[Dataset entries]
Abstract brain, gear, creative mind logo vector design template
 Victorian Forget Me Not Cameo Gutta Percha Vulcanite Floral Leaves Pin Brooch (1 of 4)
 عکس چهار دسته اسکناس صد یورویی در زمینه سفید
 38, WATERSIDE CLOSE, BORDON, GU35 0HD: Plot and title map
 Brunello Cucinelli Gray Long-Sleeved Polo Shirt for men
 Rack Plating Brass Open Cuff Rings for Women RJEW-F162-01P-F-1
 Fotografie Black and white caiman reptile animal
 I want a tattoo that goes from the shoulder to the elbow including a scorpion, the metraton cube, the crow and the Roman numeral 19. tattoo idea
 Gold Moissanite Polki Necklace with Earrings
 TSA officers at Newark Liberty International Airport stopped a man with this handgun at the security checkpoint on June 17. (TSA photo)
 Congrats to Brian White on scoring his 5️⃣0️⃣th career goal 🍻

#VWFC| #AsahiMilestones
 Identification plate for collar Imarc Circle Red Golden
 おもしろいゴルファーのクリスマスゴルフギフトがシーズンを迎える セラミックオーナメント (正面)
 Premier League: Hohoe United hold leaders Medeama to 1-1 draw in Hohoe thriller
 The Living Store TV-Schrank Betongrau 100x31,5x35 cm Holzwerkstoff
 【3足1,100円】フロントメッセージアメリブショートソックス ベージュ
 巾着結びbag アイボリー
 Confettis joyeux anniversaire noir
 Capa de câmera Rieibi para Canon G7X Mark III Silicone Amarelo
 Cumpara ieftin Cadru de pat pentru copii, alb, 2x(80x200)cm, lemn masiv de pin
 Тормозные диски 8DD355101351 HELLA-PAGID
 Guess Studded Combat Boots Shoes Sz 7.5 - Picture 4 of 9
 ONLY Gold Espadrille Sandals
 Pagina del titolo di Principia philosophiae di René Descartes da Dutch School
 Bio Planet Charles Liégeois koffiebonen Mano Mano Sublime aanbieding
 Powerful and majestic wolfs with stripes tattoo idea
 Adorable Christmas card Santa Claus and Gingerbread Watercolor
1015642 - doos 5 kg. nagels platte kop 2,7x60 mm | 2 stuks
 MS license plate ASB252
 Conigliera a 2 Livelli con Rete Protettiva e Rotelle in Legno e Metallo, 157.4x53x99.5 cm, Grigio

What to work on:
Give again only the lines starting at the one that contains "Premier League: Hohoe" and running to the end of the data.

Answer below:
 Premier League: Hohoe United hold leaders Medeama to 1-1 draw in Hohoe thriller
 The Living Store TV-Schrank Betongrau 100x31,5x35 cm Holzwerkstoff
 【3足1,100円】フロントメッセージアメリブショートソックス ベージュ
 巾着結びbag アイボリー
 Confettis joyeux anniversaire noir
 Capa de câmera Rieibi para Canon G7X Mark III Silicone Amarelo
 Cumpara ieftin Cadru de pat pentru copii, alb, 2x(80x200)cm, lemn masiv de pin
 Тормозные диски 8DD355101351 HELLA-PAGID
 Guess Studded Combat Boots Shoes Sz 7.5 - Picture 4 of 9
 ONLY Gold Espadrille Sandals
 Pagina del titolo di Principia philosophiae di René Descartes da Dutch School
 Bio Planet Charles Liégeois koffiebonen Mano Mano Sublime aanbieding
 Powerful and majestic wolfs with stripes tattoo idea
 Adorable Christmas card Santa Claus and Gingerbread Watercolor
1015642 - doos 5 kg. nagels platte kop 2,7x60 mm | 2 stuks
 MS license plate ASB252
 Conigliera a 2 Livelli con Rete Protettiva e Rotelle in Legno e Metallo, 157.4x53x99.5 cm, Grigio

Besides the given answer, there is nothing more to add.